RILEY, 48, of San Jose, California, was convicted of one count of conspiracy to commit securities fraud and two counts of securities fraud. The conspiracy count carries a maximum sentence of five years in prison and a fine of the greater of $250,000 or twice the gross gain or loss from the offense. Each of the securities fraud counts carries a maximum sentence of 20 years in prison and a fine of $5 million or twice the gross gain or loss from the offense. The maximum potential sentences are prescribed by Congress and are provided here for informational purposes only, as any sentencing of the defendant will be determined by the judge. RILEY is scheduled to be sentenced on February 6, 2015.

The jury was unable to reach a verdict with respect to the remaining count of the Superseding Indictment, which charged RILEY with substantive securities fraud related to passage of inside information concerning negative developments with the Brocade-Foundry deal on October 16, 2008.

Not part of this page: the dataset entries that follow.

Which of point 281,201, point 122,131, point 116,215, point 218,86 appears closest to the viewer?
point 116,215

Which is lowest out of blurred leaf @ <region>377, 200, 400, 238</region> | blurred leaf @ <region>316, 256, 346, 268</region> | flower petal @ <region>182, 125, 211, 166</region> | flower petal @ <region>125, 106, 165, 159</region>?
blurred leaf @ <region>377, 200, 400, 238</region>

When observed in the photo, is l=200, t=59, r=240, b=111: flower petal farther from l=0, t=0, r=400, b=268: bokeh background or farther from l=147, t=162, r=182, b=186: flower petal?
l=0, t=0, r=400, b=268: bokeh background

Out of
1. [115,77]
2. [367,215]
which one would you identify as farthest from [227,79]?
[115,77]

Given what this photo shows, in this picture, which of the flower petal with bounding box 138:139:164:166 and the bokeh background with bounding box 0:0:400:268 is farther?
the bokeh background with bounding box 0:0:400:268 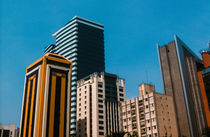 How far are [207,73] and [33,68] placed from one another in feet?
287

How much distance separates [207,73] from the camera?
124 m

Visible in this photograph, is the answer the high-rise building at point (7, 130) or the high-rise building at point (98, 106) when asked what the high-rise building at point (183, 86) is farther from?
the high-rise building at point (7, 130)

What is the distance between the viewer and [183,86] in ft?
410

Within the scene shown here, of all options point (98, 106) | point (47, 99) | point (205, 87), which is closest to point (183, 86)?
point (205, 87)

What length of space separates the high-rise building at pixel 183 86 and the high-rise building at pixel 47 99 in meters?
52.3

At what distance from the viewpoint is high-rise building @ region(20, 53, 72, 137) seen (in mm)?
104625

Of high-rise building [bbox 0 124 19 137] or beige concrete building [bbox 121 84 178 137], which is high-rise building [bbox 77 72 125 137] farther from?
high-rise building [bbox 0 124 19 137]

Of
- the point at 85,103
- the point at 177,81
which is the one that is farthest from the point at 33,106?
the point at 177,81

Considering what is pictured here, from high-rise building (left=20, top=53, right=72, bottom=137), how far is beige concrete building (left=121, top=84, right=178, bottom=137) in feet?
96.2

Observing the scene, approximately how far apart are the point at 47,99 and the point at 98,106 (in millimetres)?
43163

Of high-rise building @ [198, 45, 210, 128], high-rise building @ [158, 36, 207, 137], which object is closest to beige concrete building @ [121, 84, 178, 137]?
high-rise building @ [158, 36, 207, 137]

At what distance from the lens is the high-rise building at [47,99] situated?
10462 cm

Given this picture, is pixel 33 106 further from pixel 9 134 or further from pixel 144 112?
pixel 9 134

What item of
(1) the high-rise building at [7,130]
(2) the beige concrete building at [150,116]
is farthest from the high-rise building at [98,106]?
(1) the high-rise building at [7,130] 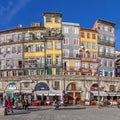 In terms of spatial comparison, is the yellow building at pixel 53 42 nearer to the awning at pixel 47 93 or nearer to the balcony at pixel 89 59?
the balcony at pixel 89 59

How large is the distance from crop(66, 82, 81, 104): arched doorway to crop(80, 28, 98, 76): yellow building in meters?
8.63

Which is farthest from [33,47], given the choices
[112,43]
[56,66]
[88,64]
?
[112,43]

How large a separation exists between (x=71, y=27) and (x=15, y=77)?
18083 millimetres

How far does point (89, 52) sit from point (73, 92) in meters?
13.4

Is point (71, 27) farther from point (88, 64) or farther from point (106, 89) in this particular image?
point (106, 89)

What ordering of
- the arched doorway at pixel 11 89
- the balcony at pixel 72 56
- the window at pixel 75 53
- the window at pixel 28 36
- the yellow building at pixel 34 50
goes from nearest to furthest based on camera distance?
the arched doorway at pixel 11 89 < the yellow building at pixel 34 50 < the window at pixel 28 36 < the balcony at pixel 72 56 < the window at pixel 75 53

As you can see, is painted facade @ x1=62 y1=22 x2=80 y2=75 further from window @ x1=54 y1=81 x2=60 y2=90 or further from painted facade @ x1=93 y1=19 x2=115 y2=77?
window @ x1=54 y1=81 x2=60 y2=90

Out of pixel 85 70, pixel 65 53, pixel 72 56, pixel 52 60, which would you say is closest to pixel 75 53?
pixel 72 56

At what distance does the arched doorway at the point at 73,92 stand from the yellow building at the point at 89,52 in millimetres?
8635

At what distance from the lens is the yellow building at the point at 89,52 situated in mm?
78544

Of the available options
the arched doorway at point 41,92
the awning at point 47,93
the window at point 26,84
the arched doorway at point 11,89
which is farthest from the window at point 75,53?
the arched doorway at point 11,89

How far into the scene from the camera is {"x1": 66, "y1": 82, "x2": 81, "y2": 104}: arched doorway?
69.1 metres

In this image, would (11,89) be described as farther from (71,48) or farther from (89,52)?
(89,52)

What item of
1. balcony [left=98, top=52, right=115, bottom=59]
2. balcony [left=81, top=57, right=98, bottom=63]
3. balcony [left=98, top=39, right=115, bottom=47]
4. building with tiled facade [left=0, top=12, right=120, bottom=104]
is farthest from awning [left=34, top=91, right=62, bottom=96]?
balcony [left=98, top=39, right=115, bottom=47]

Mr. Bharara praised the investigative work of the FBI and thanked the Securities and Exchange Commission, which has filed civil charges in a separate action.

Today’s announcement is part of efforts underway by President Obama’s Financial Fraud Enforcement Task Force (FFETF) which was created in November 2009 to wage an aggressive, coordinated and proactive effort to investigate and prosecute financial crimes. With more than 20 federal agencies, 94 U.S. Attorneys’ offices and state and local partners, it’s the broadest coalition of law enforcement, investigatory and regulatory agencies ever assembled to combat fraud. Since its formation, the task force has made great strides in facilitating increased investigation and prosecution of financial crimes; enhancing coordination and cooperation among federal, state and local authorities; addressing discrimination in the lending and financial markets and conducting outreach to the public, victims, financial institutions and other organizations. Since the inception of FFETF in November 2009, the Justice Department has filed more than 12,841 financial fraud cases against nearly 18,737 defendants including nearly 3,500 mortgage fraud defendants. For more information on the task force, visit

This case is being handled by the Office’s Securities and Commodities Fraud Task Force. Assistant U.S. Attorneys Telemachus P. Kasulis and Sarah E. McCallum, and Special Assistant U.S. Attorney Michael P. Holland, are in charge of the prosecution.